■ Data below
——————
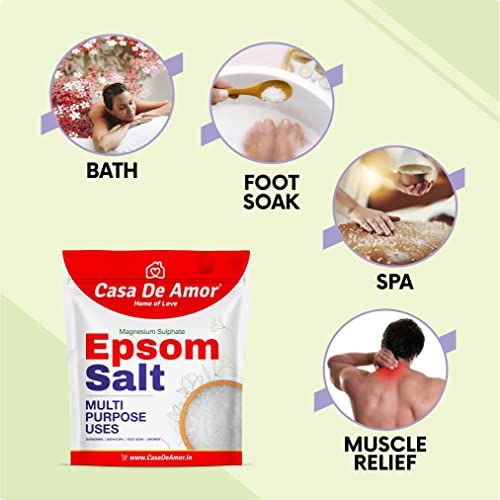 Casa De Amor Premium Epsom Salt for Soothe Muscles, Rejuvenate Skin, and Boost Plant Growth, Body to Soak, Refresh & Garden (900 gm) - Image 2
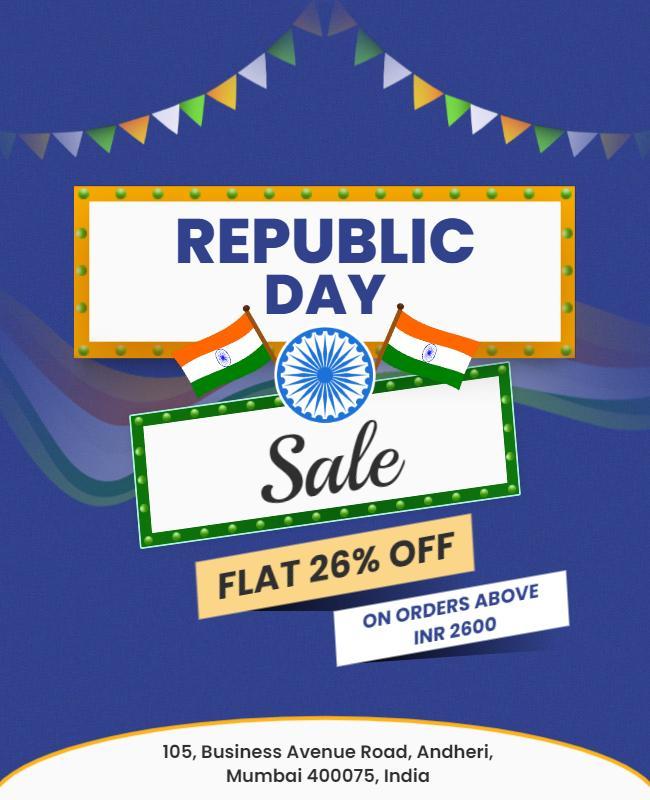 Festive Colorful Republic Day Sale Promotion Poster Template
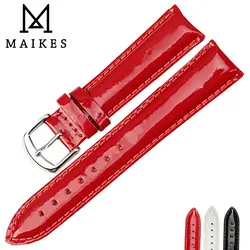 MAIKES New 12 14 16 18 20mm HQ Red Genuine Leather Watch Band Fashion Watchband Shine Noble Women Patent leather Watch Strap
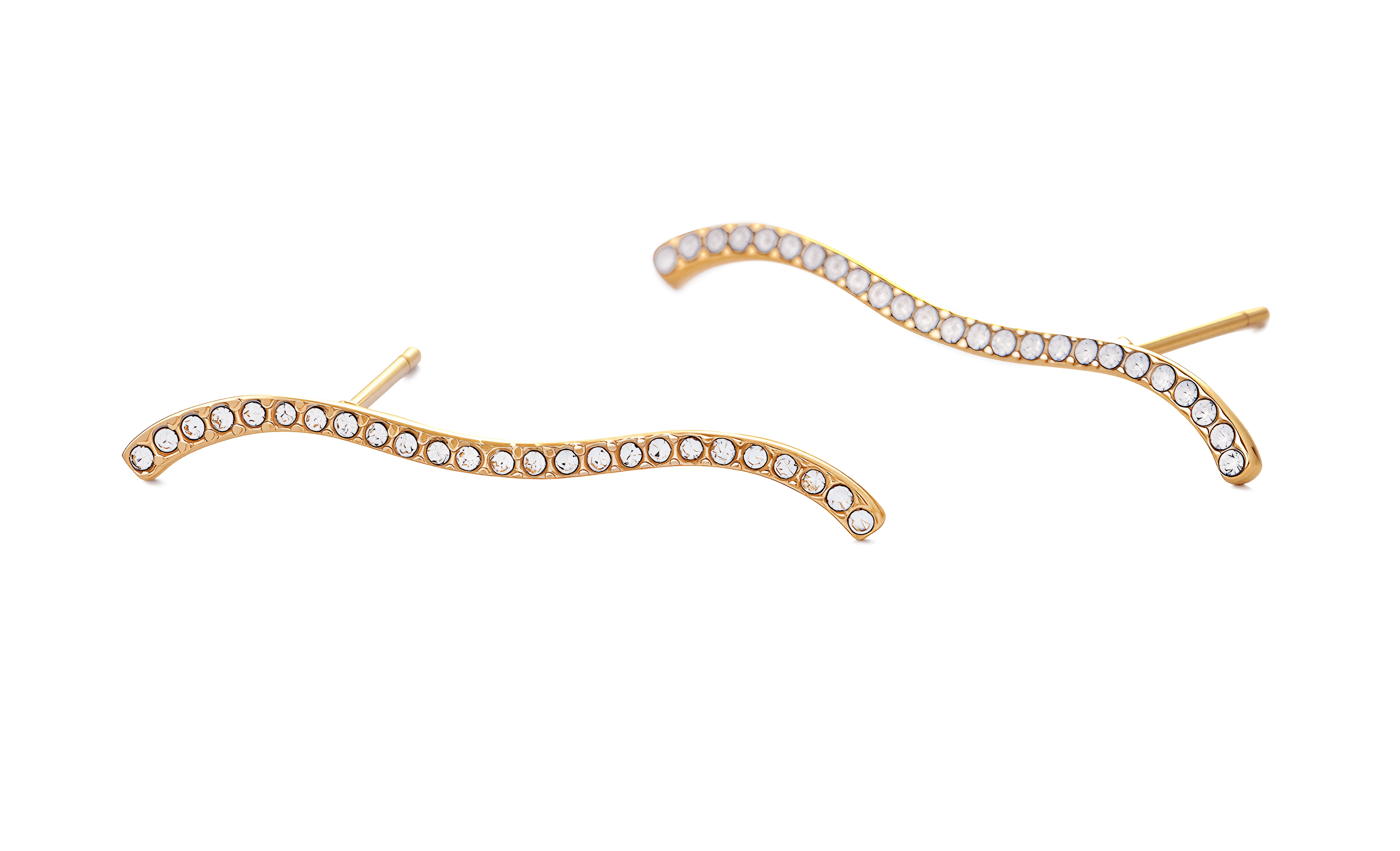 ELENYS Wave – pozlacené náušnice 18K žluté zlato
——————
■ Work required
In the copy you return, include exactly the lines from the one containing "Festive Colorful Republic" through the final line of the listing, and no pictures.

■ Solution for this task
 Festive Colorful Republic Day Sale Promotion Poster Template
 MAIKES New 12 14 16 18 20mm HQ Red Genuine Leather Watch Band Fashion Watchband Shine Noble Women Patent leather Watch Strap
 ELENYS Wave – pozlacené náušnice 18K žluté zlato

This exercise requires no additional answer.